To extract the feature maps to look at, create a Keras model that takes batches of images as input, and outputs the activations of all convolution and pooling layers. Using the Keras class Model, the Model is instantiated using two arguments: an input tensor (or list of input tensors), and an output tensor (or list of output tensors). The resulting class is a Keras model, mapping the specified inputs to the specified outputs. It even allows for models with multiple outputs.

In [None]:
#display the numbers of the different layers in the trained model
model.summary()
for i, layer in enumerate(model.layers):
   print(i, layer.name)

In [None]:
# Extracts the outputs of the top layers everything upto the GAP layer:
layer_outputs = [layer.output for layer in model.layers[1:18]] #this model has 18 layers just before the GAP layer

# Creates a model that will return these outputs, given the model input:
activation_model = models.Model(inputs=model.input, outputs=layer_outputs)

When fed an image input, this model returns the values of the layer activations in the original model. This is a multi-output model. In the general case, a model could have any number of inputs and outputs. This one has one input and 18 outputs, one output per layer activation.

In [None]:
# This will return a list of Numpy arrays: one array per layer activation
activations = activation_model.predict(img_tensor)

# This is the activation of the first convolution layer for our image input:
second_layer_activation = activations[1]
print(second_layer_activation.shape) #(1, 300, 300, 64)

#It's a 300*300 feature map with 64 channels. Visualizing the 60th and 10th channel:
plt.matshow(second_layer_activation[0, :, :, 60], cmap='viridis')
plt.show()

#This channel appears to encode a diagonal edge detector. 
# 10th channel, since the specific filters learned by convolution layers are not deterministic.
plt.matshow(second_layer_activation[0, :, :, 10], cmap='viridis')
plt.show()

Plotting a complete visualization of all the activations in the network. Extract and plot every channel in each of the 18 activation maps, (only that of the convolutional layers) and stack the results in one big image tensor, with channels stacked side by side.

In [None]:
# Names of the layers to have them as part of the plot
layer_names = []
for layer in model.layers[:18]:
    layer_names.append(layer.name)

images_per_row = 16 

# Display feature maps
for layer_name, layer_activation in zip(layer_names, activations):
    
    # This is the number of features in the feature map
    n_features = layer_activation.shape[-1]
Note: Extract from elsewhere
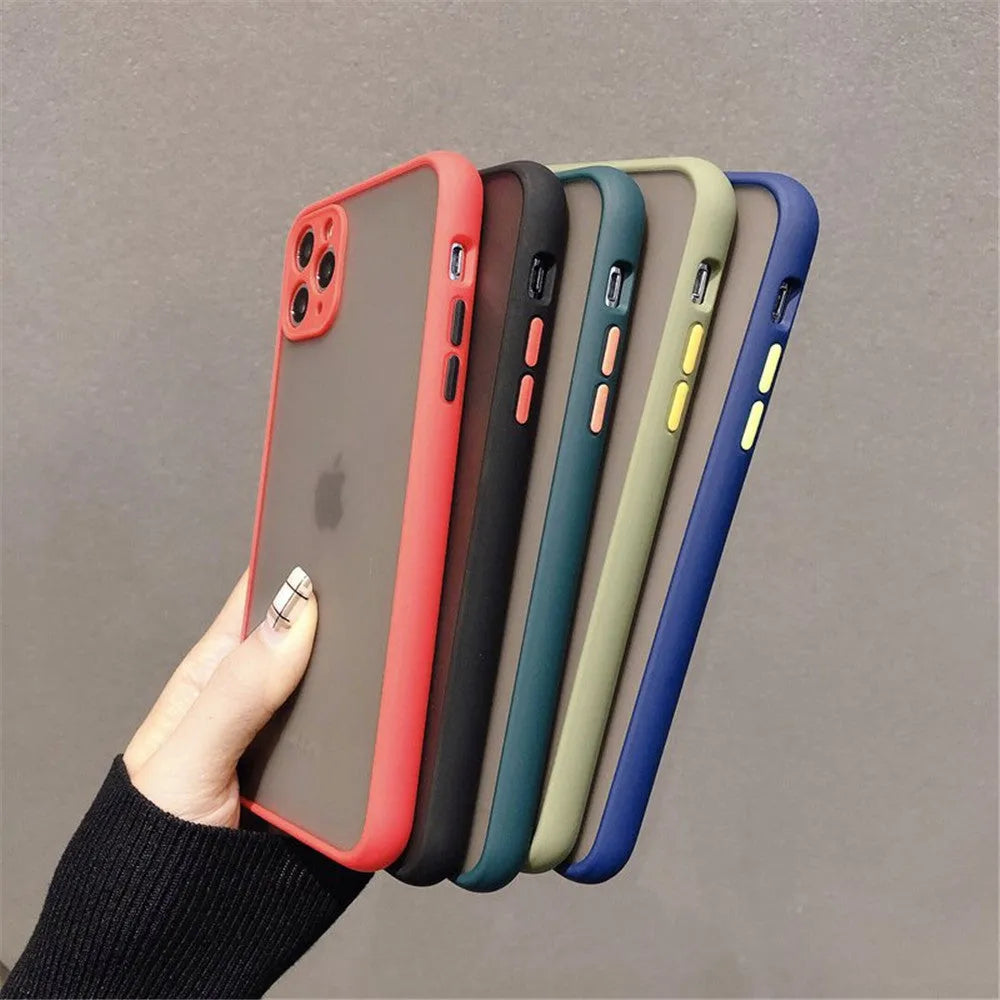 Transparent solid-colour shockproof iPhone case showing soft TPU sides and hard PC back, compatible with multiple models.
    # The feature map has shape (1, size, size, n_features)
    size = layer_activation.shape[1]

    # Tile the activation channels in this matrix
    n_cols = n_features // images_per_row
    display_grid = np.zeros((size * n_cols, images_per_row * size))

    # Tile each filter into this big horizontal grid
    for col in range(n_cols):
        for row in range(images_per_row):
            channel_image = layer_activation[0,
                                             :, :,
                                             col * images_per_row + row]
            # Post-process the feature to make it visually palatable
            channel_image -= channel_image.mean()
            channel_image /= channel_image.std()
            channel_image *= 64 
            channel_image += 128 
            channel_image = np.clip(channel_image, 0, 255).astype('uint8')
            display_grid[col * size : (col + 1) * size,
                         row * size : (row + 1) * size] = channel_image

    # Display the grid
    scale = 1. / size
    plt.figure(figsize=(scale * display_grid.shape[1],
                        scale * display_grid.shape[0]))
    plt.title(layer_name)
    plt.grid(False)
    plt.imshow(display_grid, aspect='auto', cmap='viridis')
    
plt.show()

Things to note:
The first layer acts as a collection of various edge detectors. At that stage, the activations are still retaining almost all of the information present in the initial picture.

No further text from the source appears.